--- START ---

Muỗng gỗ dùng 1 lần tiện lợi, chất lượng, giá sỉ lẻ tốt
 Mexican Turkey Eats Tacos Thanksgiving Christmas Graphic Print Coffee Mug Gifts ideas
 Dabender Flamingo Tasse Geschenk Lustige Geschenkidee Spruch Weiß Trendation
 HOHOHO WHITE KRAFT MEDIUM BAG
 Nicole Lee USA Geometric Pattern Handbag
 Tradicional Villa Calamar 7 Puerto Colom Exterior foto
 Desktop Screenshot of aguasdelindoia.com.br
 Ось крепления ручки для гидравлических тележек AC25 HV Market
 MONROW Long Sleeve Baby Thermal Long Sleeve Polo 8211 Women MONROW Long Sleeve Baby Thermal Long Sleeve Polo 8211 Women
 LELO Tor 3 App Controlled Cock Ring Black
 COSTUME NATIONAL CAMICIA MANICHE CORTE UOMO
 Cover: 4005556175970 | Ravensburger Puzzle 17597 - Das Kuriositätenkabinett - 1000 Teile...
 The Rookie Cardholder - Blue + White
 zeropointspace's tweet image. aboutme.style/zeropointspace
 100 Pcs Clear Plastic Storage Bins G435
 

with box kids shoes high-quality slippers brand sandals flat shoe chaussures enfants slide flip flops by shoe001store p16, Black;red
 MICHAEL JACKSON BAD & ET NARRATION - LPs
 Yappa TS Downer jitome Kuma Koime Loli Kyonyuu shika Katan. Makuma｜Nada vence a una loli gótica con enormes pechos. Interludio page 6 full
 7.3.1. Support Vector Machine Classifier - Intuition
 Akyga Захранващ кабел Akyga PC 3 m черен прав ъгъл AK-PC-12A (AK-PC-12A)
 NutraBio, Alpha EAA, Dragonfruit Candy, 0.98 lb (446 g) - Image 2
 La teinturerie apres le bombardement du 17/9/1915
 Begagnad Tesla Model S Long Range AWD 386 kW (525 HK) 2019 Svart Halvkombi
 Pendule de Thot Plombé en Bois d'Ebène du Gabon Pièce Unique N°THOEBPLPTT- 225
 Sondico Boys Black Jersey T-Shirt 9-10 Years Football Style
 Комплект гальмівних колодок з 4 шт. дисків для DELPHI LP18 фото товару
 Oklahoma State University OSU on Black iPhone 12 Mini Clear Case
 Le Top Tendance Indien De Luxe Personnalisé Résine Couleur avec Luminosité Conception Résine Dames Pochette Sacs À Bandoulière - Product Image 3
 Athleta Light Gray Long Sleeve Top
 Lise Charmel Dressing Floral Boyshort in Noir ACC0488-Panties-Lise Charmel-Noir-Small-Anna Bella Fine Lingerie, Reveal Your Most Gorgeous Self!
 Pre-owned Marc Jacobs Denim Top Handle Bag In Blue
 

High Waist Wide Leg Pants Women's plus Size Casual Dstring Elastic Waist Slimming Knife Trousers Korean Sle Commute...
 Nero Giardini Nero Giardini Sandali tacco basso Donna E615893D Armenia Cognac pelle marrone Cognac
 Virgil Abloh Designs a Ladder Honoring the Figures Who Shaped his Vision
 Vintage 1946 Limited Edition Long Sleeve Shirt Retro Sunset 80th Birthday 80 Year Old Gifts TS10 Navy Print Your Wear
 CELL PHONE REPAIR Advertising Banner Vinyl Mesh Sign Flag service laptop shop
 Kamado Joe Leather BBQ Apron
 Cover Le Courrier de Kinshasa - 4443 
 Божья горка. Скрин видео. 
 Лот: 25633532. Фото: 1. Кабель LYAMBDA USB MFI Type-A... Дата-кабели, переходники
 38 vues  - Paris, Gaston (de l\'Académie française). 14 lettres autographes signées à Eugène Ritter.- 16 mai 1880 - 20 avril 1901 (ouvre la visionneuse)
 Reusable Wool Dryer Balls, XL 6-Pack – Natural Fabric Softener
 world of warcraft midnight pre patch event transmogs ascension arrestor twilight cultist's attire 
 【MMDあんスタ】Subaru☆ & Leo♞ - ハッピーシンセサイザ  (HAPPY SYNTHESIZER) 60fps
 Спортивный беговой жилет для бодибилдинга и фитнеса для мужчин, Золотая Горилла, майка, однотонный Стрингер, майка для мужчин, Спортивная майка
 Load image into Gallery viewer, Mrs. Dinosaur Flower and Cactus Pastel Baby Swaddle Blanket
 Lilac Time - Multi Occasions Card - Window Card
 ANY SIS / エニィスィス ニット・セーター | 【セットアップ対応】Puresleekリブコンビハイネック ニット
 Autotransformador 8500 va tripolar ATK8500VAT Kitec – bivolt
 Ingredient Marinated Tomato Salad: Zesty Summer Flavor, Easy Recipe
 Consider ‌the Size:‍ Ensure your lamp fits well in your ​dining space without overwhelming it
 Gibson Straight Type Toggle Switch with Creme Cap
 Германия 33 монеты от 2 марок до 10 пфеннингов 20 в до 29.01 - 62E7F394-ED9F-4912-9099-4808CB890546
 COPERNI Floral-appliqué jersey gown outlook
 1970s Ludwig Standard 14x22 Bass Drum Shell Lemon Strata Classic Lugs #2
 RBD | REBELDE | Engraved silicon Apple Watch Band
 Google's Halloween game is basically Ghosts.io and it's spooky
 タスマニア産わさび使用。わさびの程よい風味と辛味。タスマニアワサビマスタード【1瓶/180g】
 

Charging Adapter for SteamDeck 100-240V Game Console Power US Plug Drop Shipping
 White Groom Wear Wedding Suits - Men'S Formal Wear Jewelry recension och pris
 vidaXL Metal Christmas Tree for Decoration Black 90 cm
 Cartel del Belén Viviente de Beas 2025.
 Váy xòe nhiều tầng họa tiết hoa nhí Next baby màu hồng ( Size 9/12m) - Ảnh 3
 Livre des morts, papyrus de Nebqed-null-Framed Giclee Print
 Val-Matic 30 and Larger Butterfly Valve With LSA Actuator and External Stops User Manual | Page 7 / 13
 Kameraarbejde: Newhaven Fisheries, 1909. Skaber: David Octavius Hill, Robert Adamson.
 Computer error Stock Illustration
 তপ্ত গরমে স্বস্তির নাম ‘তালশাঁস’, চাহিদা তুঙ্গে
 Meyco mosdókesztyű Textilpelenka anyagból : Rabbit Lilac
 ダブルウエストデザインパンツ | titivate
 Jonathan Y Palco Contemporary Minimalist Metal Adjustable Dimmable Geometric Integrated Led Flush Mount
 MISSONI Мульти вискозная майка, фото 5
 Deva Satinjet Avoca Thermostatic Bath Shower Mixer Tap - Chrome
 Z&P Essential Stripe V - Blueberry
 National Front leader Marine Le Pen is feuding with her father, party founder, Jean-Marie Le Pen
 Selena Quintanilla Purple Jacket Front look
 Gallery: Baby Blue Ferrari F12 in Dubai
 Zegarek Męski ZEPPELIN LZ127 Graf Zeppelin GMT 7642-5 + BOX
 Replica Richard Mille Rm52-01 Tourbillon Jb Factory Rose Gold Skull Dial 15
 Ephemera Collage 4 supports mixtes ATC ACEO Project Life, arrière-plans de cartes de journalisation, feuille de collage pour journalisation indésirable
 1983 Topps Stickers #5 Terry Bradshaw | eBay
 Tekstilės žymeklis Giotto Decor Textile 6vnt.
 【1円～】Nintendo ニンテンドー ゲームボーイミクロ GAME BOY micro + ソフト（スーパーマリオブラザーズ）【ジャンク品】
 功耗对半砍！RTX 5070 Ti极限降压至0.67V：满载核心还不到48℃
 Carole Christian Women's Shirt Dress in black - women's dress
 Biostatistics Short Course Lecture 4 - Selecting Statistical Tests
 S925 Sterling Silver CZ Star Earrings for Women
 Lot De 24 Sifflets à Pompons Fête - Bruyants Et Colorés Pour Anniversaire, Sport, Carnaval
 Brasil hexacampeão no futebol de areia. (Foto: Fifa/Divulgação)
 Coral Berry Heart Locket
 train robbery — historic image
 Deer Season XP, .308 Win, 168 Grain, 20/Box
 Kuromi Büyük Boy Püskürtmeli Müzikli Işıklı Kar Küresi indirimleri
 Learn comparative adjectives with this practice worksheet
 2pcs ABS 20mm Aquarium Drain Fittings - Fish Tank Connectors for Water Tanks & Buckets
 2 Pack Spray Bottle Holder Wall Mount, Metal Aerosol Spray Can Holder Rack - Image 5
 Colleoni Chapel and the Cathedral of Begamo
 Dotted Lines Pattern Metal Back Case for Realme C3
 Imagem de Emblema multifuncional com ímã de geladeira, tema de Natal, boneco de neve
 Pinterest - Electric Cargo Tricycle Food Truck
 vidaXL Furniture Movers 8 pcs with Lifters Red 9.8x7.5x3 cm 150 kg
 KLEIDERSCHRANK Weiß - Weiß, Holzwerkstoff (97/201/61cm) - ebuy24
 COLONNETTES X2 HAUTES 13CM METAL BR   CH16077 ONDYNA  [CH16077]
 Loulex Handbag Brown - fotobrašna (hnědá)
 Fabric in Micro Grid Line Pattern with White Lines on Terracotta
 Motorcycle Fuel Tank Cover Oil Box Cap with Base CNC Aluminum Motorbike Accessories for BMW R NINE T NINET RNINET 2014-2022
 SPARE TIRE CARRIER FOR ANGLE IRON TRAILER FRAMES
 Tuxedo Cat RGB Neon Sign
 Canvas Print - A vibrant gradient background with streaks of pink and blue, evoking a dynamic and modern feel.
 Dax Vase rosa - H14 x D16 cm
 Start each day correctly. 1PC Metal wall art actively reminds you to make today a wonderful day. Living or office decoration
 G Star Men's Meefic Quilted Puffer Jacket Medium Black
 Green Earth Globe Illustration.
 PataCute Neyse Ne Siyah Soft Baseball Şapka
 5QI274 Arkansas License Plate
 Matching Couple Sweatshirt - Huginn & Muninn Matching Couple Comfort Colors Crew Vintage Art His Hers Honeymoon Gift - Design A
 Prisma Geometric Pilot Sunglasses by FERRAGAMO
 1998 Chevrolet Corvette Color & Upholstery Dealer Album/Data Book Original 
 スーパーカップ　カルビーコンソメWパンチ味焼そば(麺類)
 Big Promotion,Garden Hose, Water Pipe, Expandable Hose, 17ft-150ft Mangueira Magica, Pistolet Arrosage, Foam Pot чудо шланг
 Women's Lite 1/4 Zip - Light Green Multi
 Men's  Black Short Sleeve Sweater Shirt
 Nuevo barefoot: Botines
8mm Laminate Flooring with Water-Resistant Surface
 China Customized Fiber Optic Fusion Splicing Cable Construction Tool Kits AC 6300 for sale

--- END ---

From the material above, set down exactly the lines between the line holding "Z&P Essential Stripe V - Blueberry" and the line holding "Ephemera Collage 4", inclusive. Include nothing else.

 Z&P Essential Stripe V - Blueberry
 National Front leader Marine Le Pen is feuding with her father, party founder, Jean-Marie Le Pen
 Selena Quintanilla Purple Jacket Front look
 Gallery: Baby Blue Ferrari F12 in Dubai
 Zegarek Męski ZEPPELIN LZ127 Graf Zeppelin GMT 7642-5 + BOX
 Replica Richard Mille Rm52-01 Tourbillon Jb Factory Rose Gold Skull Dial 15
 Ephemera Collage 4 supports mixtes ATC ACEO Project Life, arrière-plans de cartes de journalisation, feuille de collage pour journalisation indésirable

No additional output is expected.